Bad idea getting into a shootout with Orlando.


----------



## Darth Bryant (Feb 1, 2005)

Ugh.. Larmar is killing me.


----------



## SoCalfan21 (Jul 19, 2004)

We dont know how to play Defense...they should work on that in practice...


----------



## Brian34Cook (Mar 26, 2003)

Adonal Foyle a scoring machine tonight lmao


----------



## Showtime87 (Jun 27, 2005)

Giving up way too many points again, this looks very, very bad.


----------



## Brian34Cook (Mar 26, 2003)

Halftime: Magic 63 - Lakers 55


----------



## Bartholomew Hunt (Mar 4, 2003)

We continue to get worse defensively with each game that passes.
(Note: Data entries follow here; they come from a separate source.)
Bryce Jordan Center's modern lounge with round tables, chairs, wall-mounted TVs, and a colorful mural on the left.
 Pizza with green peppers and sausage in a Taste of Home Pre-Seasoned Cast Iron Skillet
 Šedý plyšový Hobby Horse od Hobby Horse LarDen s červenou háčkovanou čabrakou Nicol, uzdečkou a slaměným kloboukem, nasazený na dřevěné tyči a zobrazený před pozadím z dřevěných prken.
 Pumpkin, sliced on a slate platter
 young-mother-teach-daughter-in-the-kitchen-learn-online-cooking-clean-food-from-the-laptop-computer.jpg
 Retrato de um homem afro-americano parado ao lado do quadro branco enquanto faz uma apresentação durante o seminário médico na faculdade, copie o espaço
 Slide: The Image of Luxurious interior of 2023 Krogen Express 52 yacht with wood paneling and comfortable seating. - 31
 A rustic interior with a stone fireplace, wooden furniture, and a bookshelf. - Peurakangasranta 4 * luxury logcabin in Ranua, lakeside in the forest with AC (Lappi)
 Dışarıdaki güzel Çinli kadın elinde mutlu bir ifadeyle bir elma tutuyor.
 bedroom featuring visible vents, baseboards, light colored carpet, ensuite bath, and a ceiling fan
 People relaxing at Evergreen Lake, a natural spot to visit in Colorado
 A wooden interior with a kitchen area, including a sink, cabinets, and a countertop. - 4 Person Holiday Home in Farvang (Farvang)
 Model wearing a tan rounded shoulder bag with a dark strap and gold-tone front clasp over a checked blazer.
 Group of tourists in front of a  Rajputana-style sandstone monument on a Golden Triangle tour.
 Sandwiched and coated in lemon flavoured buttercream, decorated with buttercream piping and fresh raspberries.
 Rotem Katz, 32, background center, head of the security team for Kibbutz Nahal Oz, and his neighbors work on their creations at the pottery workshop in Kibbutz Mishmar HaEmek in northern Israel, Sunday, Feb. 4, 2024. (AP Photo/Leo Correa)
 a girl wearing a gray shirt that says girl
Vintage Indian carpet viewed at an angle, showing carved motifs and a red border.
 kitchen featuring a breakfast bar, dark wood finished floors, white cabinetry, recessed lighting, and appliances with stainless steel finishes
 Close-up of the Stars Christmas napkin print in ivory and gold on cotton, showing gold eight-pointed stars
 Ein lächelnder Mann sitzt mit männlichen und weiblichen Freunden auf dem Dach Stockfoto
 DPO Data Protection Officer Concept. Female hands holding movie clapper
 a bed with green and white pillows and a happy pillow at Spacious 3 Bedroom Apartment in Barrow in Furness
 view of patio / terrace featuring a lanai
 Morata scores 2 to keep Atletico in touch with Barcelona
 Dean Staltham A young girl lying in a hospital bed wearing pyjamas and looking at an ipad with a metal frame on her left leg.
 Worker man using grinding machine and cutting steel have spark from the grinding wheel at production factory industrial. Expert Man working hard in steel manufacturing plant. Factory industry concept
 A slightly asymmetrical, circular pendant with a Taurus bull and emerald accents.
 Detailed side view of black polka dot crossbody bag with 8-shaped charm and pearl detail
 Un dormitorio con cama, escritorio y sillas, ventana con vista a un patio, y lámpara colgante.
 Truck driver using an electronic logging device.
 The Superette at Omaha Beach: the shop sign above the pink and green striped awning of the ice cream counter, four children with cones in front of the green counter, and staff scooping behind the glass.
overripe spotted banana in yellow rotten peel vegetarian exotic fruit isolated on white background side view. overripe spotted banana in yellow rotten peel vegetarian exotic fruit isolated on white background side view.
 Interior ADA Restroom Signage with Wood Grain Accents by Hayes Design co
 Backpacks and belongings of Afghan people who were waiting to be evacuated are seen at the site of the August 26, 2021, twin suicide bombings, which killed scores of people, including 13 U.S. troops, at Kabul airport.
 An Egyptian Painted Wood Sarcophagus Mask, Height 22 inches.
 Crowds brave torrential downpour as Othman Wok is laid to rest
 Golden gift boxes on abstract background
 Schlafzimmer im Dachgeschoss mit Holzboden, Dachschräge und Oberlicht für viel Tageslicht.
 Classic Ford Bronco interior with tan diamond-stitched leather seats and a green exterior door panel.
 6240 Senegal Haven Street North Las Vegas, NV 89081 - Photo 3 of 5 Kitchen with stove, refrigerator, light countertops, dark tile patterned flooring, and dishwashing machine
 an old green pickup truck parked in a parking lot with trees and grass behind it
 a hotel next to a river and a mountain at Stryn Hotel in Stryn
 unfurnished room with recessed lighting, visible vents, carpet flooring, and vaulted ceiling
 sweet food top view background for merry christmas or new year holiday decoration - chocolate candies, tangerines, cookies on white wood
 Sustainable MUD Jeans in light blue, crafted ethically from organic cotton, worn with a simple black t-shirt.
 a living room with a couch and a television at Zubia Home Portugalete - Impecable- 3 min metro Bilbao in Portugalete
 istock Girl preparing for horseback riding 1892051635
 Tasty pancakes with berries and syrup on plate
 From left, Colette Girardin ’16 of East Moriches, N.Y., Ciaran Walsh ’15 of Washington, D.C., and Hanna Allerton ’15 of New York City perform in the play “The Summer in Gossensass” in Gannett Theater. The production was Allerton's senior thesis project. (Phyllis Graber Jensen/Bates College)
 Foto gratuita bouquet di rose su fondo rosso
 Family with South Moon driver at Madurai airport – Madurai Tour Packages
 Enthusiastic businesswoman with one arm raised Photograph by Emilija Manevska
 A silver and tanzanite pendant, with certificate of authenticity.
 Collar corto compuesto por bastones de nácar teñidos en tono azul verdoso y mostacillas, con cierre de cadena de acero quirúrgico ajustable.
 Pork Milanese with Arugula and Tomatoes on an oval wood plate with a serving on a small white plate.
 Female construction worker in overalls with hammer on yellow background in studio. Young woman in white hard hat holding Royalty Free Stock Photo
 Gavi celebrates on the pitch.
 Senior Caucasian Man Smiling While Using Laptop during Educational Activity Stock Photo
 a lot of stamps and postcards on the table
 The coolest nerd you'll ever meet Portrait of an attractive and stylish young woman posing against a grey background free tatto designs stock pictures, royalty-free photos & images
WHY?!


----------



## Darth Bryant (Feb 1, 2005)

Look how close Bynums numbers were to howard in that half with 5 less minutes. If that boy could just not foul, he'd get some monster numbers.


----------



## Darth Bryant (Feb 1, 2005)

That was a foul?


----------



## Darth Bryant (Feb 1, 2005)

The Fisher flop = 3 point play.


----------



## Darth Bryant (Feb 1, 2005)

How can Vlade be rebounding and scoring in the same game....?


----------



## Imdaman (Nov 29, 2006)

14-2 lakers run.


----------



## Showtime87 (Jun 27, 2005)

What's going on? Lamar is playing well, the team is defending, the Lakers are leading?


----------



## Imdaman (Nov 29, 2006)

Truthfully orlando is just missing wide open shots right now.


----------



## Bartholomew Hunt (Mar 4, 2003)

Fisher: "Hehe. I just bobbled the ball out of bounds."
Lamar: "Hehe."
Kobe: "****ing idiots."


----------



## Showtime87 (Jun 27, 2005)

Imdaman said:


> Truthfully orlando is just missing wide open shots right now.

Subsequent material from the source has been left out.